2. Reclaiming my workspace

A story based on an account from a Loss Survivor.

“After many months off work, it was now time to return to my workplace.  The loss event was still clear in my mind and I was feeling very anxious in having to return.

I was not exactly sure of the causes of my anxiety because my mind was flicking between the loss event, the people involved, my professional image, my duties, changes that had happened in the workplace since I had left and many other images.

Leading up to my date of return, I had many sleepless nights because my mind was replaying all events leading up to my departure; I realised that I needed to see my doctor to help me become calm.
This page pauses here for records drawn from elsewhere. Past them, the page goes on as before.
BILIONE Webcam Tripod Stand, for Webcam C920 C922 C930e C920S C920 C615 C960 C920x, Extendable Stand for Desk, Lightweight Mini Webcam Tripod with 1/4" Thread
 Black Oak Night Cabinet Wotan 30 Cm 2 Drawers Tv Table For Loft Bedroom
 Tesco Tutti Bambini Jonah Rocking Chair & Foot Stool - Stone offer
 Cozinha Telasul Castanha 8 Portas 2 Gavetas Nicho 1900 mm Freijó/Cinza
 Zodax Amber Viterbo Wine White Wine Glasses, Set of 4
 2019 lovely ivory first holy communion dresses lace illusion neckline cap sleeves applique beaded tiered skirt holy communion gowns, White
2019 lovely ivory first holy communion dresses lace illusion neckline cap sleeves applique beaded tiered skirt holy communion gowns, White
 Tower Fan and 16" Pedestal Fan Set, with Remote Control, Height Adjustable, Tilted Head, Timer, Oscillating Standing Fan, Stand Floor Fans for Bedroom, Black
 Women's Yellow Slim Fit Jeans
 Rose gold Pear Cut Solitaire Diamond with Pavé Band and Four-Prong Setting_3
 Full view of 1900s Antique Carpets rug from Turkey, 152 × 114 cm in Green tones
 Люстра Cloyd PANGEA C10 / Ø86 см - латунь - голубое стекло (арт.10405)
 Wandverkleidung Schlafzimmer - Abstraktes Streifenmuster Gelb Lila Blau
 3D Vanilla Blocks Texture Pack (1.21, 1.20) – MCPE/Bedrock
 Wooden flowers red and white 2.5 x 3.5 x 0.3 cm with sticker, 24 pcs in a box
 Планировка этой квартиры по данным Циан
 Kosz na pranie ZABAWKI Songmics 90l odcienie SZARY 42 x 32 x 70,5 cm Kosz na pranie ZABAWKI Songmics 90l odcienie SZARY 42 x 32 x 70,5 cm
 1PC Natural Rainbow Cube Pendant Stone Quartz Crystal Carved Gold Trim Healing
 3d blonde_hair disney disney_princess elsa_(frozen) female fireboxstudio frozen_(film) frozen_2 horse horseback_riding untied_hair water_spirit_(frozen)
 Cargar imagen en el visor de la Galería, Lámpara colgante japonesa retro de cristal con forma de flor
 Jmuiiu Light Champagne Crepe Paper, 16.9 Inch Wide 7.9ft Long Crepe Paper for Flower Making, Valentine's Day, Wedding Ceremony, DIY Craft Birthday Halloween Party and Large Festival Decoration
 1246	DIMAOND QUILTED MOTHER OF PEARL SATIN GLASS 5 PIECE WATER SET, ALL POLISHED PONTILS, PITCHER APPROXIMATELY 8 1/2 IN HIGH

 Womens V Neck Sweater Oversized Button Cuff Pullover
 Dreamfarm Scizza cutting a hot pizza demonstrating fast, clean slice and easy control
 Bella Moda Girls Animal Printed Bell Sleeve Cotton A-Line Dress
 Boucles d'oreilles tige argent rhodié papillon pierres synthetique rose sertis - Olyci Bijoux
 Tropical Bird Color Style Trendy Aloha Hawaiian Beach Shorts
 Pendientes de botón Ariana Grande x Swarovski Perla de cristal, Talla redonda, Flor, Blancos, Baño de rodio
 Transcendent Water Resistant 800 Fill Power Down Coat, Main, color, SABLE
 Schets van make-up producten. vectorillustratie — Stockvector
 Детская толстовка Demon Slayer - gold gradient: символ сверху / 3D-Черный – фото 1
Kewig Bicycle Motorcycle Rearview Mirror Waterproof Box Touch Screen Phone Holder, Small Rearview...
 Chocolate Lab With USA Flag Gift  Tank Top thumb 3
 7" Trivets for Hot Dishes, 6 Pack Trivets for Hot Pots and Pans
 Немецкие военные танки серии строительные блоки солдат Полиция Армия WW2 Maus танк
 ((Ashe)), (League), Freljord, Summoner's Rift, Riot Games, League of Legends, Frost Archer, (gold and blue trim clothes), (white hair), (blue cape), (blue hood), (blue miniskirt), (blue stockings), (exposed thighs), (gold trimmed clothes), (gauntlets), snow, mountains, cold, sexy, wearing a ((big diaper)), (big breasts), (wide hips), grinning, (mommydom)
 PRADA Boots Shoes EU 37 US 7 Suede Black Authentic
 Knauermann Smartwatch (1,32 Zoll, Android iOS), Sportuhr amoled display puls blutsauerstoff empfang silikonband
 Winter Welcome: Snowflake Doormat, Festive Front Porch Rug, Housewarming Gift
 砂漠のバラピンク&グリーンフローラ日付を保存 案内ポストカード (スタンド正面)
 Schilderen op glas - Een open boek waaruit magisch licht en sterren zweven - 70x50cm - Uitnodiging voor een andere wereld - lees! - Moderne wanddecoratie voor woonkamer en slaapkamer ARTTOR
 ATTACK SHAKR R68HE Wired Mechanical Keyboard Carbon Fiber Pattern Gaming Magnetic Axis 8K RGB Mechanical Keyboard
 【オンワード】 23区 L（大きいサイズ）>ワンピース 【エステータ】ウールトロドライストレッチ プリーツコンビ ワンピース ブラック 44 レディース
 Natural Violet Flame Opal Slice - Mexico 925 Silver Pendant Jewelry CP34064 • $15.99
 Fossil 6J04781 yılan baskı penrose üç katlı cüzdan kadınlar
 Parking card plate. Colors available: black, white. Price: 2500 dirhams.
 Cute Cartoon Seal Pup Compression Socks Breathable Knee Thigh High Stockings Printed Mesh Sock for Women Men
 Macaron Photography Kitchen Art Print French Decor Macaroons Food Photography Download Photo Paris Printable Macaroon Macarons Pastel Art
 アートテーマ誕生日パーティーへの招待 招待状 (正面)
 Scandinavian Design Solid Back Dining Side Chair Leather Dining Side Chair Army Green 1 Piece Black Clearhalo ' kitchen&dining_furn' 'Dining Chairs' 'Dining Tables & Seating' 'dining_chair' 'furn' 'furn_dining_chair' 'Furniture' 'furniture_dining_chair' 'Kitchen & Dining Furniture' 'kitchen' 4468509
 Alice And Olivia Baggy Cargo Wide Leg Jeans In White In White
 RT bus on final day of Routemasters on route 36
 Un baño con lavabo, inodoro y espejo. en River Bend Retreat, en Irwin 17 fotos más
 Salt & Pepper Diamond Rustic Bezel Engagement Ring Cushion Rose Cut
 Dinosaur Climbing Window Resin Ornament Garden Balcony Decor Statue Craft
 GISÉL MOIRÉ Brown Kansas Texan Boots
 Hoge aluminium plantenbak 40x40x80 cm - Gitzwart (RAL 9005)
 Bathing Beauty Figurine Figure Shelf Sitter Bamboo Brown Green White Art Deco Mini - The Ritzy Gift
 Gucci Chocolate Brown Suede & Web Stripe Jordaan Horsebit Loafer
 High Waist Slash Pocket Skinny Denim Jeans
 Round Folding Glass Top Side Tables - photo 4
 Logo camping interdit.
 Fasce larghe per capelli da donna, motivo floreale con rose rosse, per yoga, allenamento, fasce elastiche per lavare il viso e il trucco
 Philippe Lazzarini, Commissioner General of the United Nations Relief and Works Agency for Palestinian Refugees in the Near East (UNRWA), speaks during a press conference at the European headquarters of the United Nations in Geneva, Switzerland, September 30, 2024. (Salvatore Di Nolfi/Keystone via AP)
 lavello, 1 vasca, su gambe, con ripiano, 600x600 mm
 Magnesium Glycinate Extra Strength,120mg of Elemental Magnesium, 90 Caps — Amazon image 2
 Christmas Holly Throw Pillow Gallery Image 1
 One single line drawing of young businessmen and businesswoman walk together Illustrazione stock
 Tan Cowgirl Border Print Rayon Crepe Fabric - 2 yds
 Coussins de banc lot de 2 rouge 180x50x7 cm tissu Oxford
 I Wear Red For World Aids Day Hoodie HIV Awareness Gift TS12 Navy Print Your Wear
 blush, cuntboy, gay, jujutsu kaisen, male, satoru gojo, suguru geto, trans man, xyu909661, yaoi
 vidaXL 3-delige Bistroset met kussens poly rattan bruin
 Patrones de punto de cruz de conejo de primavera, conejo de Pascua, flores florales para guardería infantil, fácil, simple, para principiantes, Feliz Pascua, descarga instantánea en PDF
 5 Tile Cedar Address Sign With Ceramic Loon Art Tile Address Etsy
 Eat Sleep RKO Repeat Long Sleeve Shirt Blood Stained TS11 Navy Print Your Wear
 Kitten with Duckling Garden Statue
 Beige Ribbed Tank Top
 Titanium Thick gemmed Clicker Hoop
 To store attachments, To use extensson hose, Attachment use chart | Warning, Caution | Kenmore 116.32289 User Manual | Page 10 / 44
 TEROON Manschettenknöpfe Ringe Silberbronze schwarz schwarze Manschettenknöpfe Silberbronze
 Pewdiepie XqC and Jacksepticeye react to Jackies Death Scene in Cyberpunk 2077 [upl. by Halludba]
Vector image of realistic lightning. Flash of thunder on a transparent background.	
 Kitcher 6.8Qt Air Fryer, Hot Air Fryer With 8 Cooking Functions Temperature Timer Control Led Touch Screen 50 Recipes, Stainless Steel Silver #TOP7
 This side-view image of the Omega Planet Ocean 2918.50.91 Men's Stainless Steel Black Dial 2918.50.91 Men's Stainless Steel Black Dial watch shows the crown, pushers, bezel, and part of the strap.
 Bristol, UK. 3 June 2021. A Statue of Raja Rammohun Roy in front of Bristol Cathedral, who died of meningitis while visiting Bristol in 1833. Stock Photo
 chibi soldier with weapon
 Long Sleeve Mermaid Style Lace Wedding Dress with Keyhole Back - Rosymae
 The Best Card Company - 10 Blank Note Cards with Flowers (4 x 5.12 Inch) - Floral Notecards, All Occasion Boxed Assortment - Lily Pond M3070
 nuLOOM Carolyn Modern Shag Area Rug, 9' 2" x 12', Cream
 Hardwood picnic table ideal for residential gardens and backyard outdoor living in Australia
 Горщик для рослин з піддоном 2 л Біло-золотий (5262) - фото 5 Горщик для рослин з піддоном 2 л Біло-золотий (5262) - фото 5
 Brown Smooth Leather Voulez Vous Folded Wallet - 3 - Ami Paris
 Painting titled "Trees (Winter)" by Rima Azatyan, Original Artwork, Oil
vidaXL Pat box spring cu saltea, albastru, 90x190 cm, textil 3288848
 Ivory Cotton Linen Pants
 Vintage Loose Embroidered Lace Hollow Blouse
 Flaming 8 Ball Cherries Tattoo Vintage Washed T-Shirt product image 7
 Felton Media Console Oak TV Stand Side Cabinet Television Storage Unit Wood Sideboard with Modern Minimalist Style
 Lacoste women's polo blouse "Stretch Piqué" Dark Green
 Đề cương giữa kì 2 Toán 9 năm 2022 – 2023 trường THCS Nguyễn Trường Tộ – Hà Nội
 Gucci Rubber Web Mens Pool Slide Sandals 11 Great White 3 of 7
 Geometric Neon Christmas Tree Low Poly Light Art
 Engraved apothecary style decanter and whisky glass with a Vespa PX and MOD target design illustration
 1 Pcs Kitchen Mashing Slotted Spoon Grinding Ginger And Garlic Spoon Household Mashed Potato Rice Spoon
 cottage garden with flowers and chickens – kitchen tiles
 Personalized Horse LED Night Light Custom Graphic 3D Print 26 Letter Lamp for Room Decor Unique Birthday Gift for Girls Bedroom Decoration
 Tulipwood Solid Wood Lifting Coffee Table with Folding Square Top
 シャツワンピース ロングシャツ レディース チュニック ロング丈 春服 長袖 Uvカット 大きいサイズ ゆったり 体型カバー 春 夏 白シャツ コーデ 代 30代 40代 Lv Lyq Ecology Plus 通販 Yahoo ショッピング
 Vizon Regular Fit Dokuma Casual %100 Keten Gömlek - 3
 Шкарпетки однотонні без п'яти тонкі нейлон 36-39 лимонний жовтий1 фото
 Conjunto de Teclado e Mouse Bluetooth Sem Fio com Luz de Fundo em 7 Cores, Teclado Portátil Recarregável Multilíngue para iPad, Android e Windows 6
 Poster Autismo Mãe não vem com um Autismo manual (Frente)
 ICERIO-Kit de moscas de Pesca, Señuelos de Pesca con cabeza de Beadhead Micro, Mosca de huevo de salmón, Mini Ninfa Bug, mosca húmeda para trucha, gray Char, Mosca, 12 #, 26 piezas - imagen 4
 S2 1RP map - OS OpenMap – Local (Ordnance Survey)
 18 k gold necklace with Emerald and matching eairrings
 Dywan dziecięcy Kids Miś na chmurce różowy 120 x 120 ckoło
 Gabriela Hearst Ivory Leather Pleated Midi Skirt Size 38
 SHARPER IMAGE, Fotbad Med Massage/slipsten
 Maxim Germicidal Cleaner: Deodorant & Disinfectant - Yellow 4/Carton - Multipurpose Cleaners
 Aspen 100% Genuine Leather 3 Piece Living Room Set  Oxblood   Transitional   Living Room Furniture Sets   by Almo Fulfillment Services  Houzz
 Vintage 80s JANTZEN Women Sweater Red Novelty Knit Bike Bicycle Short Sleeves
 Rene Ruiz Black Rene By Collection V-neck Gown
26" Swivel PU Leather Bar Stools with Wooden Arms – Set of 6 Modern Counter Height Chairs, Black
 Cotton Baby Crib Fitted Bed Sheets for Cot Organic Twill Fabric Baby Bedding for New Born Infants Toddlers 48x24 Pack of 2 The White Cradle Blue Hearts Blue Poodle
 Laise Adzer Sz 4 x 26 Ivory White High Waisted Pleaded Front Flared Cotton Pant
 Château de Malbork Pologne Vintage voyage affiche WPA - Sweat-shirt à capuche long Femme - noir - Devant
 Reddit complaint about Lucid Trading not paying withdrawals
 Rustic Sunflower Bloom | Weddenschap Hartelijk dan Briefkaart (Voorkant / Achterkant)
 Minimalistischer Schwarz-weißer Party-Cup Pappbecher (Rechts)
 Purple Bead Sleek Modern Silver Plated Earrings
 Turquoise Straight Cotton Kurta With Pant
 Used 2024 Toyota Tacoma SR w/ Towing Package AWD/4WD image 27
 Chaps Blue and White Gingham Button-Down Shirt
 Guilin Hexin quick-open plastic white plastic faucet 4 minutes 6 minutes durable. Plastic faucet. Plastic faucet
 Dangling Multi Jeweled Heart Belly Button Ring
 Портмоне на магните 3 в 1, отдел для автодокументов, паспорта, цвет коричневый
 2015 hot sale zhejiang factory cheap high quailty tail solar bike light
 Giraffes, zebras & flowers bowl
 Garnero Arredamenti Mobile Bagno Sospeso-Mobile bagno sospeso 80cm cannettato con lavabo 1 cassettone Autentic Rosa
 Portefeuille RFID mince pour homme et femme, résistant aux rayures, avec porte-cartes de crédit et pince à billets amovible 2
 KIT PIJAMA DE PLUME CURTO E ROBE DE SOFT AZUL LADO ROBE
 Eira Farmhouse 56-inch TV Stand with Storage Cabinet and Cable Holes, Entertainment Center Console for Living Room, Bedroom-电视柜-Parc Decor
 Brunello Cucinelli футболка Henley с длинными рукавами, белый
In speaking with my doctor about my anxieties, we discussed at length why I was feeling this way and what triggered the images in my mind.  The discussion was extremely useful for me to understand why, for after so long, I still had raw loss feelings about some images.

>…….

During our discussion, we wrote down a plan for me to follow in preparing for my return to work and then another plan to follow upon my return to work.  The reason for the two plans was because the first plan was for immediate practice and I was in my safe place when applying it.  The second plan was to help me transition my safe place feelings into my workplace.  As with all plans, they were flexible and I was in control of changing them whenever I felt it was needed.

The first plan included:

  • finding my safe place and collect my calming items
  • identify what triggered the images in my mind
  • when these images occur, touch my calming items and apply calming techniques
  • write in my journal about my feelings and how I managed them
  • talk to a trusted person about how I am preparing to return to work
  • if not already arranged, make contact with the authorised support person/s in the workplace (i.e. your manager, Human Resource representative) and if needed, ask for a return to work plan.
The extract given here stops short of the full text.